El filósofo canadiense Charles Taylor, a quien sigo en estas
líneas, dice que “el problema clave en la relación con los otros es el
reconocimiento. Todo ser humano tiene una necesidad fundamental de ser
reconocido”. Es una necesidad primaria que se encuentra tanto en los problemas
de los chavales de las chabolas, como en los adinerados que viven esclavos del
dinero y de la moda, por dar un par de ejemplos. Es fundamental, en cada
momento histórico, en cada cultura, luego también aquí y ahora, detectar donde
se sitúan, quienes son, particularmente desde una óptica cristiana, los
descartados, por utilizar un término caro al papa Francisco. Es una labor
fundamental de discernimiento que exige ojos limpios y unos planteamientos de
fondo muy claros. Empezando por planteamientos antropológicos básicos.

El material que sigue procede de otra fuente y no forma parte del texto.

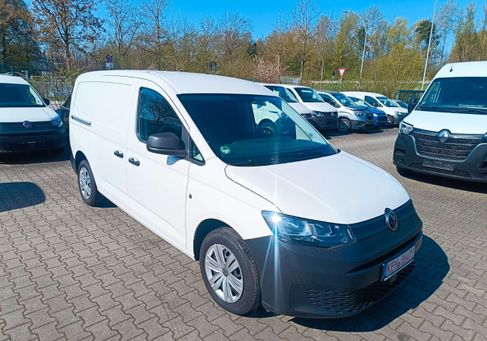Volkswagen Caddy, 2021 3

Todos los seres humanos somos semejantes desde el punto de
vista genético, anatómico, fisiológico, cerebral, afectivo, y todos somos al
mismo tiempo diferentes. Ningún individuo es igual a otro, cada uno tiene sus
humores, su carácter, su cabeza, sus ojos… Pero no solamente hay diferencias
entre los individuos. La cultura nunca ha existido en tanto que LA cultura. Las
culturas son todas diferentes, los idiomas, las músicas son todas diferentes.

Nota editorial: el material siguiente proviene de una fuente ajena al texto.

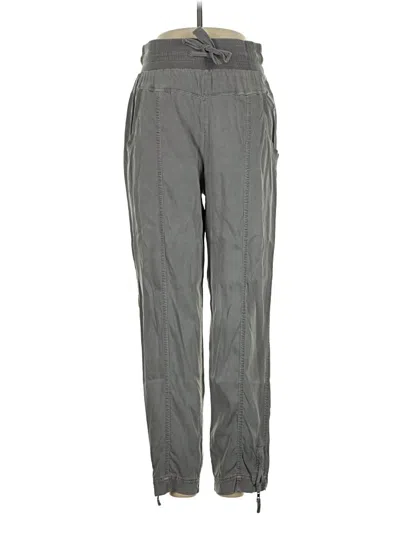 Pre-owned Marrakech Casual Pants In Gray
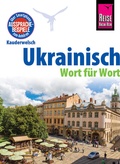Cover: Ukrainisch - Wort f&uuml;r Wort : Kauderwelsch-Sprachf&uuml;hrer von Reise Know-How - Reise Know-How Verlag Peter Rump GmbH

Luego la unidad humana produce diversidad. Lo que es algo vital. En consecuencia,
el tesoro de la unidad es la diversidad, pero el tesoro de la diversidad es la
unidad. Si olvidamos la unidad humana nos encerramos en nosotros mismos y es el
universalismo el que sufre. Esto sería letal para una confesión religiosa como
la católica. No cabe hablar de la Iglesia española, francesa, alemana etc.,
sino de la Iglesia Católica en España, en Francia, etc. Pero si se olvida la
diversidad humana entonces caemos en una abstracción ciega, fuente de opresión
del más poderoso. Ya Maritain, en la segunda década del siglo pasado, lanzaba
la alerta de no confundir la universalidad de la Iglesia con lo que denominaba
como la latinidad.
En este orden de cosas, me gusta recordar el esfuerzo del
Padre Arrupe, que nos recibe en el nuevo puente de la Universidad de Deusto,
con su empeño en la aculturación de la fe en las diferentes sociedades donde se
inserta la confesión católica. Esto vale también para los jóvenes y para los
mayores, para todos. Pienso que debe ser resaltado, como necesidad fundamental
del reconocimiento del “otro”, en la construcción de la Casa Común. Todos somos
iguales y todos diferentes. Personal y colectivamente hablando. Es en esta
dialéctica en la que debemos construir la Casa Común. Los católicos ya vivimos
esta dialéctica entre la Iglesia Universal y las Iglesias particulares. E,
incluso en el interior, tanto de la Iglesia Universal como en la de la inmensa
mayoría de las iglesias particulares. En el actual mundo pluralista, esta es
una de nuestras riquezas: la unidad en la diversidad.